Device makers will sell a total of 1.5 billion smartphones this year, a 7-percent increase, said Gartner in a new forecast released today. In 2015, vendors sold 14.4 percent more smartphones than the prior year, noted the analyst firm.
“The smartphone market will no longer grow at the levels it has reached over the last seven years,” said Gartner research director Roberta Cozza, in a statement. “Smartphone sales recorded their highest growth in 2010, reaching 73 percent.”
In April, Apple reported its first decline in quarterly revenue since 2003, due in part to slowing iPhone sales. The company sold 51.2 million iPhones during Q2 fiscal 2016, an 18-percent drop from the 61.2 million iPhones sold in the same year-ago quarter and a whopping 32-percent fall from the 74.8 million iPhones sold in previous quarter.
One reason why smartphone sales are slowing is that the major markets are saturated. Smartphones enjoy a 90-percent penetration rate in mature North American, Western European, Japan and Asia-Pacific markets, Gartner said.
And smartphone owners in these regions are hanging onto their devices longer.

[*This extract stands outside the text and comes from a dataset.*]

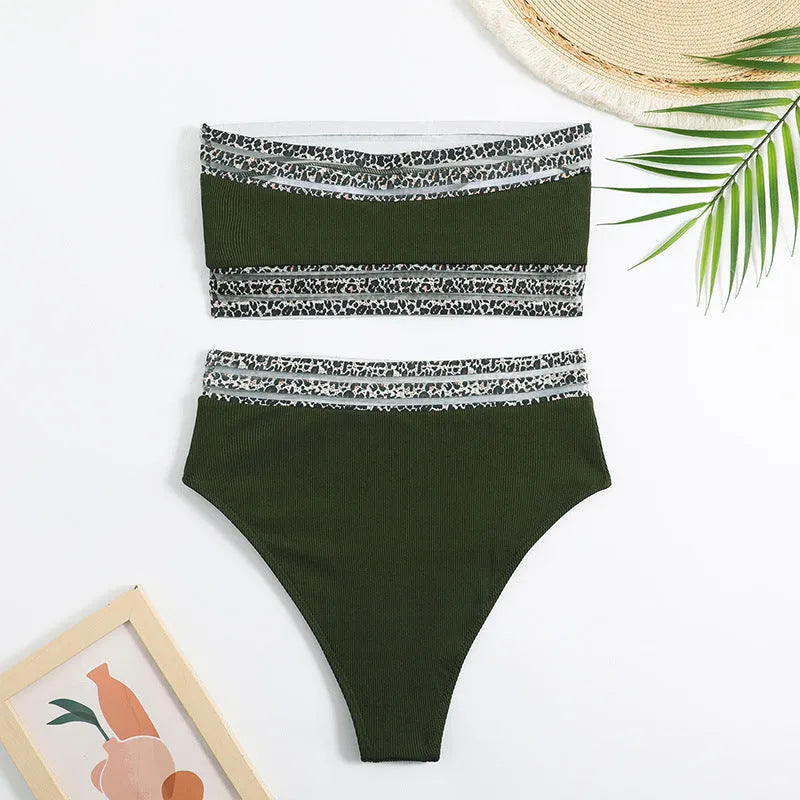 Black leopard print strapless women's bikini set with matching bra and shorts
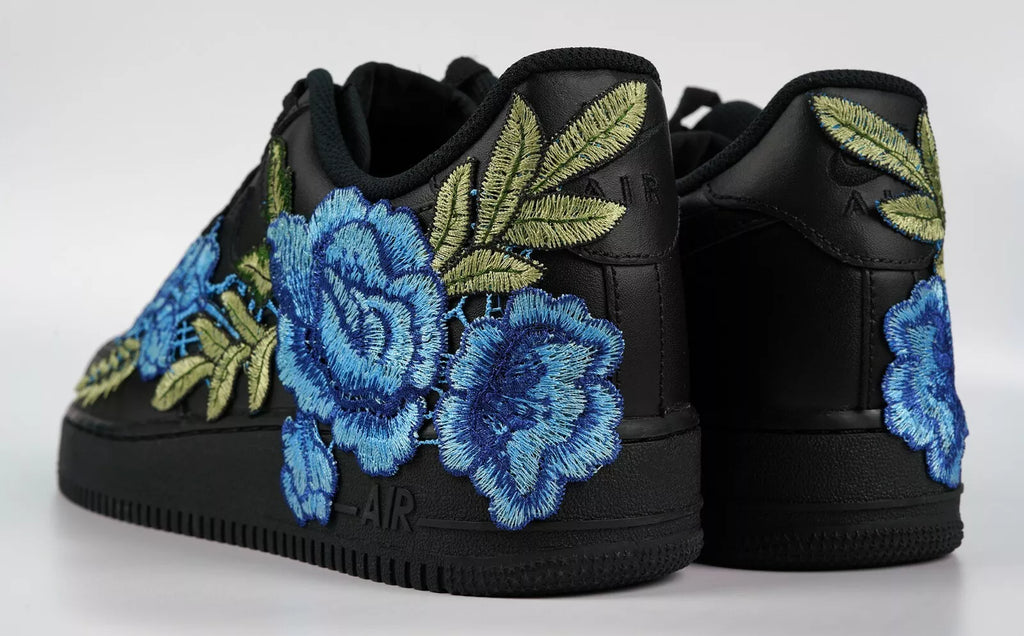 Embroided Midnight Blue Rose Black Af1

“In the mature markets, premium phone users are extending life cycles to 2.5 years, which is not going to change drastically over the next five years,” stated Cozza. That said, smartphone sales are predicted to hit 1.9 billion units in 2020.
The telecommunications industry has changed the way they sell smartphones. Subsidized plans that offer customers a “free” phone every two years have fallen out of favor with carriers. Instead, phone financing and upgrade plans are taking over.
“These programs are not for everyone, as most users are happy to hold onto their phone for two years or longer than before. They do so especially as the technology updates have become incremental rather than exponential,” added Ms. Cozza.
In China, smartphone sales were essentially flat last year, observed Annette Zimmermann, a research director at Gartner. “In this saturated yet highly competitive smartphone market, there is little growth expected in China in the next five years,” she stated.
Gartner’s data suggests that vendors may have better luck in India. While smartphones are considered expensive in that populous country, dropping prices on low-end hardware is making them more affordable.
This year, research group expects sales of 139 million smartphones in India, a 29.5-percent gain. “India has the highest growth potential,” said Zimmermann.